1 Preamble

1.1 Install Libraries

#install.packages("remotes")
#remotes::install_github("DevPsyLab/petersenlab")

1.2 Load Libraries

library("tidyverse")
library("psych")
library("mice")
library("micemd")
library("miceadds")
library("mitml")
library("Amelia")
library("jomo")
library("parallel")
library("future")
library("furrr")
library("nlme")
library("MplusAutomation")

1.3 Data

data(Oxboys, package = "nlme")

Oxboys_addNA <- data.frame(Oxboys)
Oxboys_addNA <- Oxboys_addNA %>% 
  rename(id = Subject)

Oxboys_addNA$id <- as.integer(Oxboys_addNA$id)
Oxboys_addNA$Occasion <- as.integer(Oxboys_addNA$Occasion)

set.seed(52242)
Oxboys_addNA[sample(1:nrow(Oxboys_addNA), 25), "height"] <- NA

dataToImpute <- Oxboys_addNA
varsToImpute <- c("height")
Y <- varsToImpute

2 Types of Missingness

  1. Missing Completely at Random (MCAR)
    • the probability of being missing is the same for all cases
    • missingness is not related to variables in the model
  2. (Conditionally) Missing at Random (MAR)
    • missingness is related to variables in the model, but once we condition on the variables in the model, the missingness is haphazard
    • the unobserved values do not play a role
  3. Missing Not at Random (MNAR)
    • missingness is related to variables that are not in the model (i.e., for reasons that are unknown)
    • unobserved variables carry information about whether a case will have missing data

3 Approaches to Handle Missing Data

3.1 For MCAR/MAR Missingness

  1. Full Information Maximum Likelihood (FIML)
  2. Multiple Imputation

3.2 For MNAR Missingness

https://stefvanbuuren.name/fimd/sec-nonignorable.html (archived at https://perma.cc/N7WW-HDZF)

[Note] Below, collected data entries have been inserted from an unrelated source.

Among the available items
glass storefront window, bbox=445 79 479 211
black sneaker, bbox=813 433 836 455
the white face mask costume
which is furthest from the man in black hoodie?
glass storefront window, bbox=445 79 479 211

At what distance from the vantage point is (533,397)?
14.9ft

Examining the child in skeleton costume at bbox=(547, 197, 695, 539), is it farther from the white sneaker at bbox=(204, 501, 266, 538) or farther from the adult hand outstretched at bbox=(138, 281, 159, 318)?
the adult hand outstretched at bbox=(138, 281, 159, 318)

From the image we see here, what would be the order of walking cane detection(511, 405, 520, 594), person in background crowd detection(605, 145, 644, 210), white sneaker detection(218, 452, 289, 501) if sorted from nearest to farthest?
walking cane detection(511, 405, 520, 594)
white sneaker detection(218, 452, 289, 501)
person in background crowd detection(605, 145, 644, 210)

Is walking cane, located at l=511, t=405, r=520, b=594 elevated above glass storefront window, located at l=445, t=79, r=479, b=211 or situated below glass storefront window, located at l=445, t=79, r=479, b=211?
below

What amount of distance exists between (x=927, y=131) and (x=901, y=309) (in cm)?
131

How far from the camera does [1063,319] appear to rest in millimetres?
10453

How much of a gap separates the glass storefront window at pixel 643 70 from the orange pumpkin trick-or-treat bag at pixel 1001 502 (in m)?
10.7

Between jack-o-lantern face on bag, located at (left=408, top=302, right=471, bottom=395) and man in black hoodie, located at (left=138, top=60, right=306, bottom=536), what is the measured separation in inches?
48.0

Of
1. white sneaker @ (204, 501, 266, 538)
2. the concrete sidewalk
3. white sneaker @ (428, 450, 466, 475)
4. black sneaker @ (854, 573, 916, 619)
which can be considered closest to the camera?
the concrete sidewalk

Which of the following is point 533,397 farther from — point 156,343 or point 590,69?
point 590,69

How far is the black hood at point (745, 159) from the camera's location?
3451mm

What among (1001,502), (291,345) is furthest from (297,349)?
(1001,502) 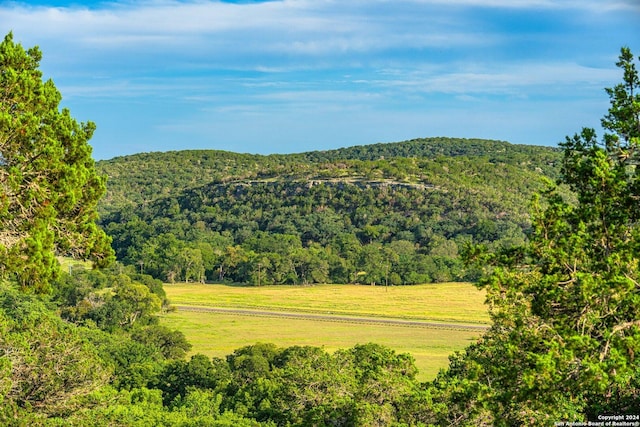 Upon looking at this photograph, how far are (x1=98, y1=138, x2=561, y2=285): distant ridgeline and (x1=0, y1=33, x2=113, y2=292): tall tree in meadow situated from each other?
75.1 m

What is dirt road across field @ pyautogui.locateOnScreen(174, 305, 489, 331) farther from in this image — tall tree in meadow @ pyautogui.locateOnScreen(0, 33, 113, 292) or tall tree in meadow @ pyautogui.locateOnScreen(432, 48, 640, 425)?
tall tree in meadow @ pyautogui.locateOnScreen(432, 48, 640, 425)

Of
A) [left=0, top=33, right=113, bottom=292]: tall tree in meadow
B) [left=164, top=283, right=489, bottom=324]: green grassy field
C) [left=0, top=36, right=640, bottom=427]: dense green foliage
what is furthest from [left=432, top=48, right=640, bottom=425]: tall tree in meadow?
[left=164, top=283, right=489, bottom=324]: green grassy field

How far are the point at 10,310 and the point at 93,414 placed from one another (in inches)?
894

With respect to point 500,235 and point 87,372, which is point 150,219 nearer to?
point 500,235

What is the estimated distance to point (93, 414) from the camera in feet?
72.3

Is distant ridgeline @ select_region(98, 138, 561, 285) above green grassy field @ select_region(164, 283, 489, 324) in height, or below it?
above

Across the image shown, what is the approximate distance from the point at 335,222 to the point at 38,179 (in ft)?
400

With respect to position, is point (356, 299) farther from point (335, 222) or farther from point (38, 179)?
point (38, 179)

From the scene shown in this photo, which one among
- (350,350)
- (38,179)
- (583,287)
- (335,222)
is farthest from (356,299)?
(583,287)

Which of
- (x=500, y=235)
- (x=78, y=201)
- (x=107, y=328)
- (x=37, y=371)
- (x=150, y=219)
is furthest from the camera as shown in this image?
(x=150, y=219)

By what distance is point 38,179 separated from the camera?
14.7 meters

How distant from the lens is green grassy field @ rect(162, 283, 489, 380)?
5253cm

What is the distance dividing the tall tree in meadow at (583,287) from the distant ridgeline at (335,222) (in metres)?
77.4

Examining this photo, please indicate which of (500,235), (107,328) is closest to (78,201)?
(107,328) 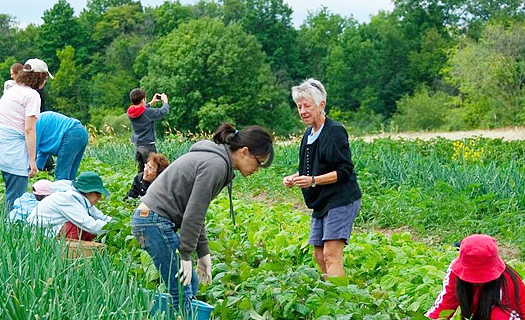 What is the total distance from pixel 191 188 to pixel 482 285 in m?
1.42

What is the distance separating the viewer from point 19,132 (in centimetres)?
611

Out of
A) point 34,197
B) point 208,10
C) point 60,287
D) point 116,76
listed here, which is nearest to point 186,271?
point 60,287

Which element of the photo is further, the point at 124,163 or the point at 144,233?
the point at 124,163

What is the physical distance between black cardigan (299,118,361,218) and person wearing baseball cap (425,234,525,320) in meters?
1.18

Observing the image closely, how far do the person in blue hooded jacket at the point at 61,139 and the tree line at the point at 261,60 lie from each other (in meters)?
26.7

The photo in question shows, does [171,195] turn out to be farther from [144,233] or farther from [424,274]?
[424,274]

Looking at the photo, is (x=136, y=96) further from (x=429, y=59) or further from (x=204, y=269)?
(x=429, y=59)

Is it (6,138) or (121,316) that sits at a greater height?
(6,138)

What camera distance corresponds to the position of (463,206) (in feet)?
24.6

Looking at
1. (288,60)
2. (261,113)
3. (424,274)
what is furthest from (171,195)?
(288,60)

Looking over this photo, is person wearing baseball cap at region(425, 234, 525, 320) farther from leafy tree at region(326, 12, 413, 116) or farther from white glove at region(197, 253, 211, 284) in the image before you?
leafy tree at region(326, 12, 413, 116)

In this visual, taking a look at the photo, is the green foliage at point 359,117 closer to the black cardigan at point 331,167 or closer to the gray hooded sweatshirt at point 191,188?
the black cardigan at point 331,167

https://cran.r-project.org/web/packages/missingHE/vignettes/Fitting_MNAR_models_in_missingHE.html (archived at https://perma.cc/9X25-5D8G)

  1. find more data about the causes for the missingness
  2. sensitivity analyses (what-if analyses) to see how sensitive the results are under various scenarios
  3. selection models
    • simultaneously estimate the focal model and a missingness model, where the missingness model has the missing data indicator as a dependent variable, as predicted by the original dependent variable, the original predictors, and any additional covariates etc.
    • if the missingness model is approximately correct, the focal model adjusts in way that removes nonresponse bias
    • similar to a mediation process
      • X → Y
      • Y → missingness
      • X → missingness
    • https://quantitudepod.org/s4e08-craig-enders/ (archived at https://perma.cc/FY9L-L3F7)
  4. pattern-mixture models
    • missing data indicator is a predictor variable
    • similar to a moderation process; subgroups of cases have different parameter estimates

4 Approaches to Multiple Imputation

  • multiple imputation by joint modeling
    • assumes that the variables in follow a joint distribution, e.g.:
      • multivariate normal (i.e., multivariate normal imputation)
    • R packages:
      • jomo
      • pan
      • Amelia
      • Mplus
  • multiple imputation by chained equations
    • aka:
      • fully conditional specification multiple imputation
      • sequential regression multiple imputation
    • R packages:
      • mice
        • predictive mean matching (?mice::mice.impute.pmm) can be useful to obtain bounded imputations for non-normally distributed variables

5 Describe Missing Data

describe(dataToImpute)
md.pattern(dataToImpute, rotate.names = TRUE)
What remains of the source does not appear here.